The reason employers limit reference information is simple: They do not want to get sued for defamation. The hesitation exists despite recent changes in California law that protect employers from defamation lawsuits when giving job-related, credible and non-malicious information when asked by a prospective employer.
Many labor attorneys still advise employers to verify only basic data and not answer questions on job performance, however, because there can be uncertainty in court over what is "credible evidence" or " job related."
Adding to the complexity is a recent California case that found a school district could be liable to a victim of sexual assault for giving a positive reference for a former employee and withholding negative information. If an employer gives a reference, the employer should generally give both the good and the bad.

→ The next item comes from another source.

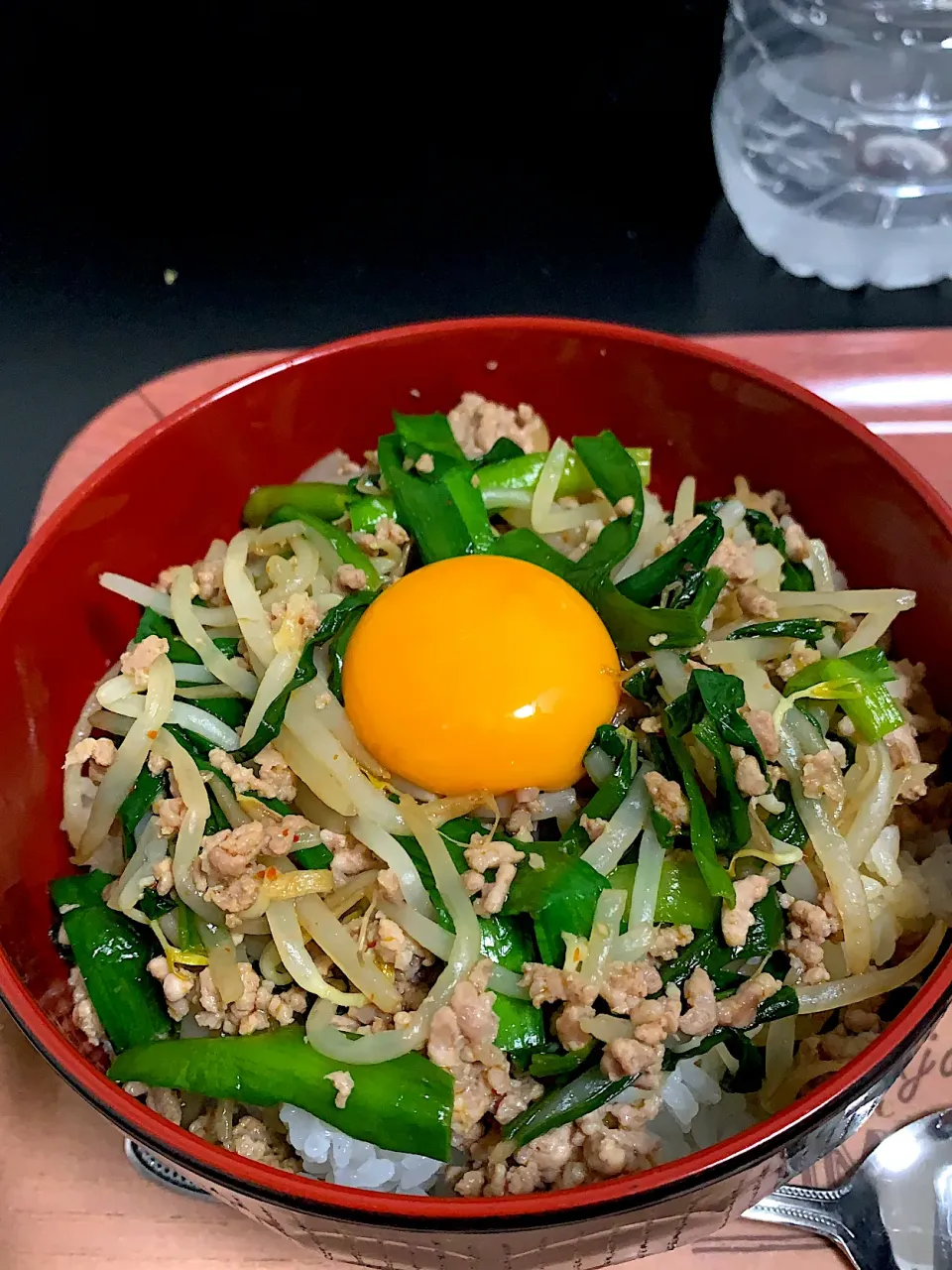 ニンニク香る.ニラと豚ひき肉のピリ辛丼|こーすけさん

Employers are arguably placed in a Catch-22. If they give a positive recommendation and leave out anything negative, a victim could sue them. If employers reveal negative information, however, they run the risk of being sued by a former employee for defamation.
Since employers have no obligation generally to say anything, many have adopted the approach of "no comment" when it comes to questions concerning job performance. Many will not even answer a question about whether a past employee is "eligible for rehire."
Several large employers, in fact, have deposited past employment information on a telephone service, limiting new employers to a computerized voice verifying just employment dates and job title.
Applicants still have many avenues available to communicate their past successes to employers, even if past employers will not give a reference. The key is to plan ahead and to remember the importance of promoting your own career by obtaining the materials necessary to successfully market yourself:
When leaving a job, clarify the past employer's policy on references and try to determine what will be said if a new employer calls.
It is also very important to accurately summarize the job duties and title for a previous job on a resume. Although everyone wants a resume to show them in the best light, a resume that overreaches can raise questions about honesty.
For applicants who are having difficulty finding a job and suspect that a previous employer is giving a bad reference, it may be helpful to think through the lack of success in more detail. There may be other difficulties involved, especially since firms are often hesitant to say anything negative. However, job applicants who are concerned should contact a labor lawyer to review their rights.